Vivemos um tempo em que quase tudo — do trabalho às receitas de bolo — passa por uma tela. E, naturalmente, a infância também está entrando nesse circuito. Mas será que a gente precisa escolher entre o mundo real e o mundo digital para criar nossos filhos? A resposta pode estar no brincar. Porque o equilíbrio entre o real e o digital não começa na adolescência, mas na base, desde o início da infância.
“O melhor caminho, então, é buscar para as infâncias e adolescências o equilíbrio, de maneira que elas possam explorar com segurança os aspectos positivos do uso das tecnologias, ao mesmo tempo em que são incentivadas a explorar e a vivenciar as experiências que só o mundo físico e a interação social podem proporcionar.” (Agenda 227*)
E quem é que melhor oferece essa vivência rica do mundo físico e da interação social do que o brincar?
Brincar está presente tanto no mundo real quanto no digital, mas é no corpo em movimento, na interação olho no olho, na criatividade com objetos simples, que as crianças constroem as bases do seu desenvolvimento — físico, emocional, cognitivo e social. É brincando no mundo real que elas aprendem a fazer escolhas, a lidar com frustrações, a experimentar, a criar e a imaginar.
Essas habilidades, adquiridas desde cedo, são fundamentais para que lá na frente, na pré-adolescência e adolescência, elas possam se relacionar com o mundo digital de forma mais equilibrada.
Quem brinca com liberdade hoje, tem mais chance de usar a internet com consciência amanhã.
Quem desenvolve pensamento crítico e criatividade com caixas de papelão, tecidos e folhas secas, vai saber interagir com inteligência artificial sem depender dela para tudo — ou pior, sem ser manipulado por ela.
Esse caminho não precisa ser inventado. Ele já está garantido em lei. O direito ao brincar está no Estatuto da Criança e do Adolescente (ECA), no Plano Nacional pela Primeira Infância, no Marco Legal da Primeira Infância e, mais recentemente, também na Lei nº 14.826/2024, que reconhece o direito ao brincar como estratégias de prevenção à violência contra crianças. Sim, brincar também é proteção. No caso do tema desta coluna, brincar é proteção contra a violência do mal uso das redes sociais e da tecnologia.

Cabe ao Estado garantir espaços, políticas e programas que respeitem esse direito. Cabe à sociedade valorizar o brincar e promovê-lo em todos os lugares onde há uma criança. E cabe às famílias, especialmente na Primeira Infância, saber que existe respaldo legal para priorizar a brincadeira na vida das crianças, inclusive resistindo à imposição precoce das telas.

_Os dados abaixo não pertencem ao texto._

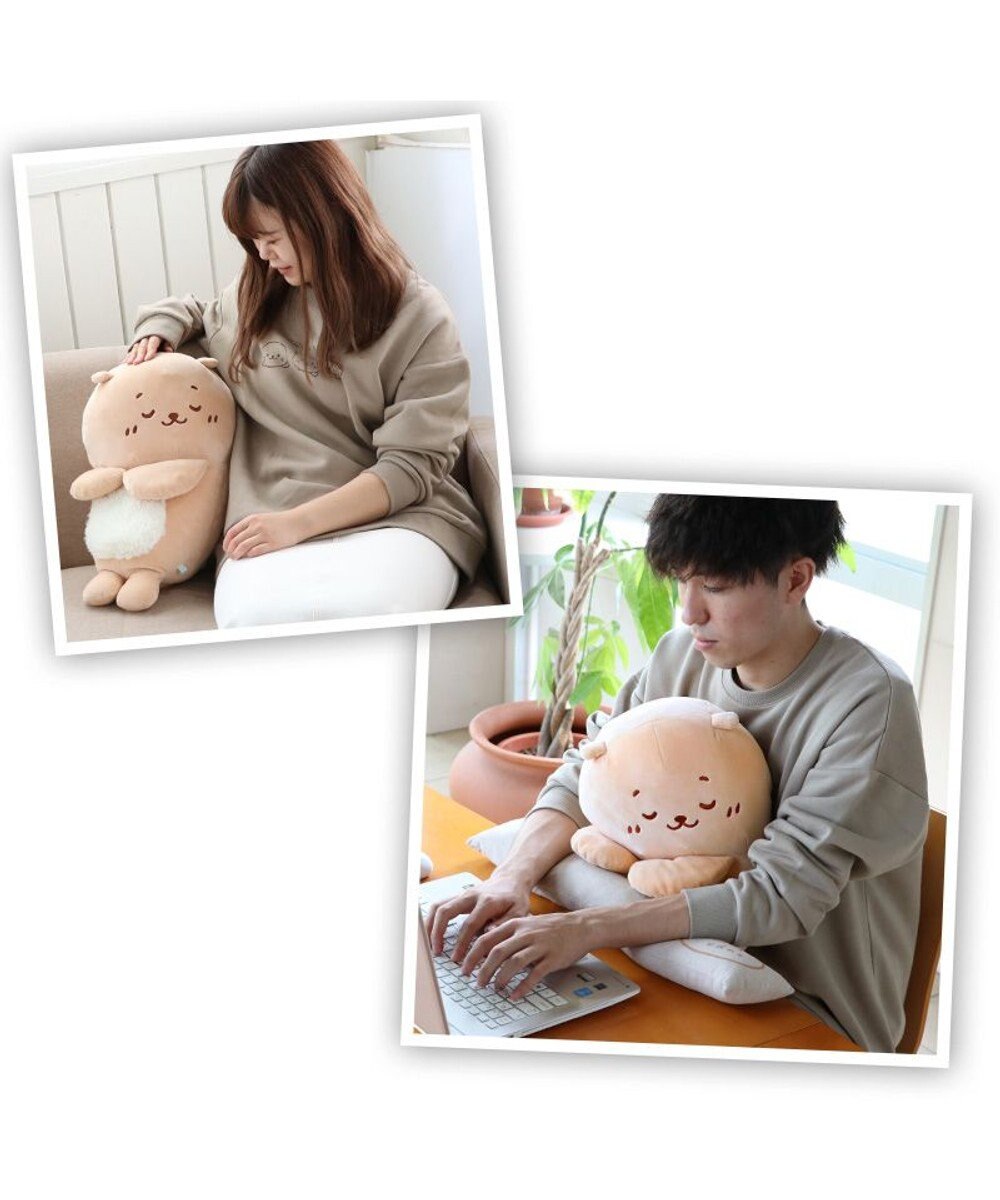 しろたん パソコンクッション らっこいぬ ぬいぐるみ アームレスト 2way かわいい 抱きまくら 抱きぐるみ 癒し キャラクター あざらし アザラシ プレゼント ギフト テレワーク お家時間 イエナカ マザーガーデン Mother Garden 通販 雑貨とペット用品の通販サイト しろたん パソコンクッション らっこいぬ ぬいぐるみ アームレスト 2way かわいい 抱きまくら 抱きぐるみ 癒し キャラクター あざらし アザラシ プレゼント ギフト テレワーク お家時間 イエナカ マザーガーデン Mother Garden 通販 雑貨とペット用品の通販サイト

É possível usar a brincadeira como uma aliada poderosa na construção de uma infância saudável e cheia de possibilidades.
Promover o brincar não é resistir à tecnologia. É preparar o terreno para que ela entre na vida das crianças no tempo certo, com raízes bem fincadas na realidade. E quanto mais a gente oferece o brincar como parte da rotina, como gesto de afeto, mais estamos ajudando a construir esse equilíbrio entre os mundos.
Quanto mais experiências ricas no mundo físico a criança tiver, mais segura e preparada ela estará para fazer escolhas conscientes no mundo digital.
Brincar é o caminho do meio. E o melhor momento para começar é agora.
*Agenda 227 é um coletivo de instituições que advoga em defesa da infância junto aos promotores de políticas públicas e da sociedade em geral. O Tempojunto é uma das signatárias da Agenda 227.